Privacy and freedom of speech require Free Software

For a few weeks I have been working on a 3 fold leaflet about privacy and Free Software. The text and basic layout are pretty much done.

The main point of the leaflet is that in the internet age, Free Software is a necessary condition for us to have some basic rights (privacy and freedom of speech..) because of the collective control is grants to users. It also clearly states that Free Software is not sufficient.

The leaflet targets a non technical audience, people who already care about privacy but don’t get the link between it and technological choices.

I need you!
No matter how much I want this leaflet to be ready for print and distribution soon, I am facing my own limits: I don’t have the skills, time and knowledge to create attractive and meaningful graphics for the leaflet, nor to do the general design work.

You’re a designer, illustrator or graphic artist, care about privacy and want to contribute? Welcome! Join! Please use the Contact form on the right side of this page. I’ll send you the drafts and we can improve it.

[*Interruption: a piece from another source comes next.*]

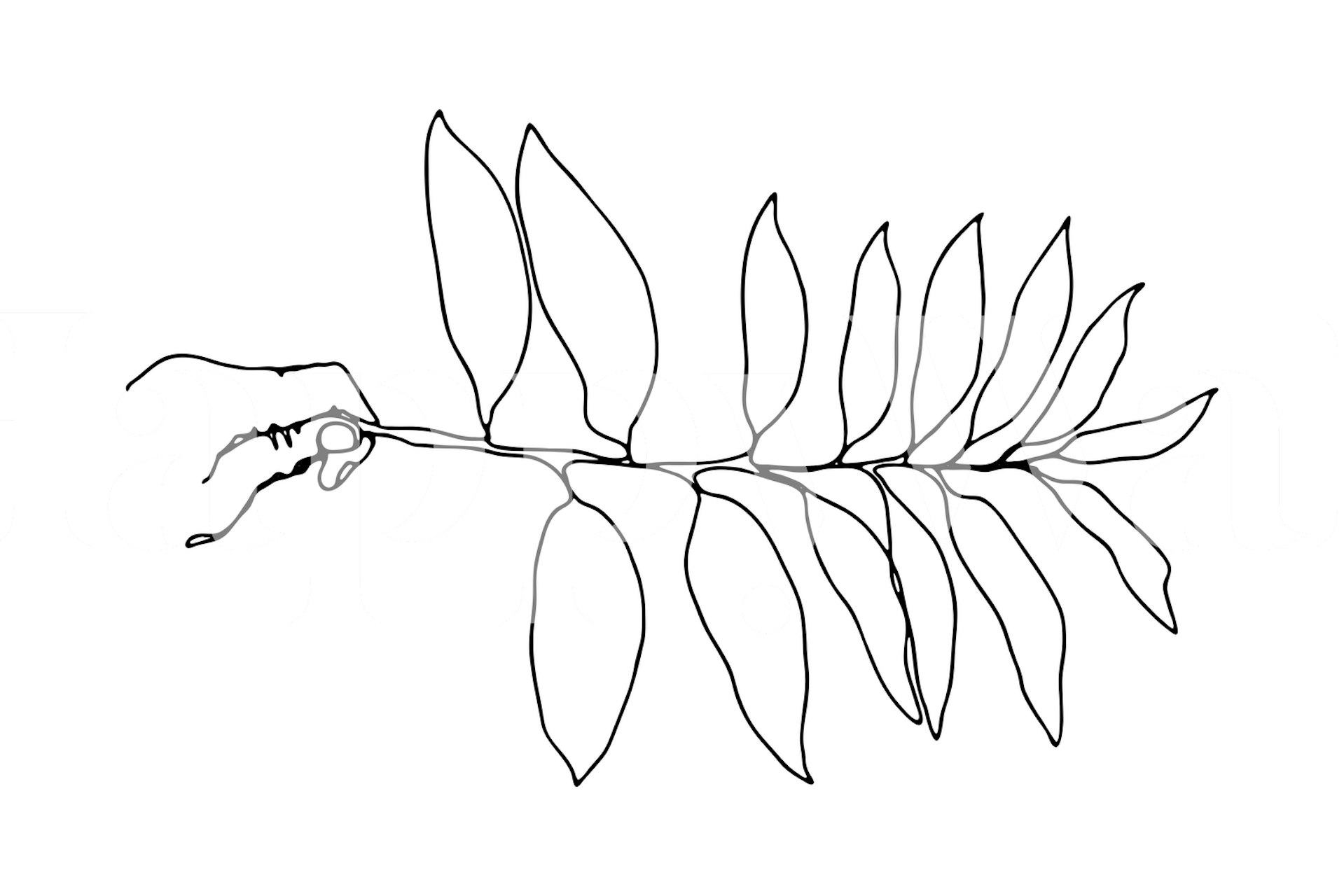 Mural de parede de arte minimalista com uma mão segurando uma folha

If you don’t have anything to do with design but still care about privacy and Free Software, please contact me too. Several brains are worth much more than a single one.

Schneier on Risk

Bruce Schneier, security expert and EFF board member, wrote an article about our rejection of risk and the consequences it has on basic liberties. Interesting new piece of input about the link between freedom and security.

I graduated from a Masters called Risk, Science, Environment and Health and therefore love the link he makes between risk apprehension and freedom. Natural risks and risks coming from humans are different.

 

We’re afraid of risk. It’s a normal part of life, but we’re increasingly unwilling to accept it at any level. So we turn to technology to protect us. The problem is that technological security measures aren’t free. They cost money, of course, but they cost other things as well. They often don’t provide the security they advertise, and — paradoxically — they often increase risk somewhere else. This problem is particularly stark when the risk involves another person: crime, terrorism, and so on. While technology has made us much safer against natural risks like accidents and disease, it works less well against man-made risks.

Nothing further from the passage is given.